At the funeral, Ken eulogized his wife of twelve years. “Her determination showed in everything she did. She always had a set of goals.”
He looked out at the hundreds of mourners packing St. Brigid of Kildare. “As for goals, Grace and I learned that God has his set of goals, too. This is part of his plan. God has put us in place and around people to give us strength and courage to accept life and death.”

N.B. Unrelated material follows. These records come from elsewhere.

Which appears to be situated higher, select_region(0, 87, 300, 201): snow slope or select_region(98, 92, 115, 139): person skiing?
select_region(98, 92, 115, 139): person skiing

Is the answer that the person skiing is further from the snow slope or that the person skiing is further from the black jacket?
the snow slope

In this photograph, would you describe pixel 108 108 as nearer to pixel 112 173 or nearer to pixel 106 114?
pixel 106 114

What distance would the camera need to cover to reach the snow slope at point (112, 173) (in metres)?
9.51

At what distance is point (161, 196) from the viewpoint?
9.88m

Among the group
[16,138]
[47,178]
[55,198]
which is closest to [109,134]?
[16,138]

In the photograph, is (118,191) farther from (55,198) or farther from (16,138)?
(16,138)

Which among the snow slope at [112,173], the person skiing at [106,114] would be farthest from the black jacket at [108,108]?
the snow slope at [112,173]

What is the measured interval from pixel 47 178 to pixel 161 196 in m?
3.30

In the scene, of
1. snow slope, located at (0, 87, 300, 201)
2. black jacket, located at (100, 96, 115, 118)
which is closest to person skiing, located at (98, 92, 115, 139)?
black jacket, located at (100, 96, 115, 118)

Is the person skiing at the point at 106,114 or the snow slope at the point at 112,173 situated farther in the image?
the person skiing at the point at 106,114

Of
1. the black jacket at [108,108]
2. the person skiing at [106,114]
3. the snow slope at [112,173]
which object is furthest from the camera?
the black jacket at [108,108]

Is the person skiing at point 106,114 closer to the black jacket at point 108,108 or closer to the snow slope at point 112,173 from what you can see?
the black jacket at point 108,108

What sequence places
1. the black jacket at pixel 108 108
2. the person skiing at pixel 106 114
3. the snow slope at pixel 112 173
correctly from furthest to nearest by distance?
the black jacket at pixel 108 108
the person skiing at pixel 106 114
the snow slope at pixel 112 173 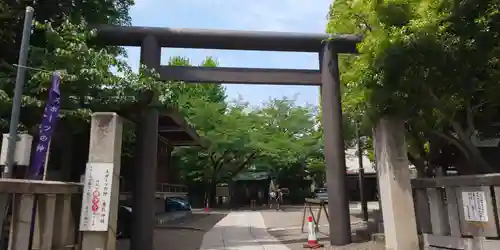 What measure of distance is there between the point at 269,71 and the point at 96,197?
242 inches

He then focused on Ben, Molly, and Sarah, who looked so small in the first pew of the church. “His plan continues,” Ken said, now speaking only to the three of them. “Grace is still part of that plan. This is not the end of life, but the beginning of new life, Grace’s eternal life. She is going to be with us wherever we go.
“Hopefully, we have learned something from Grace’s journey. For me, Grace has given me the strength to accept. For all of us, Grace has given us the ability to pray to God for strength and thankfulness.”
He took a deep breath and continued. “There is no more wheelchair, no more tests, no more treatment, no more doctor appointments. Grace has won the battle. She is a survivor. She has been healed.”
Later, after the graveside service, the family walked away, leaving behind the black headstone, engraved with the silhouette of the chapel and inscribed: Grace Kelleher Heigel, born November 28, 1965, died June 4, 2001. Next to that was Ken’s name followed by his birth date. And next to Ken’s name was a blank space, smooth and unmarked, an afterthought, a just-in-case.
Someday—I hope not too soon—it will be my name in that space on that shiny black gravestone.
This is the story of how someone who turned her back on God found her way back when she didn’t even know she was lost. It is the story of how I answered his call and did what I swore I never would do, how I became the wife to Ken and the mom-on-earth to Ben, Molly, and Sarah, and how my reluctant devotion gave me the gift of grace.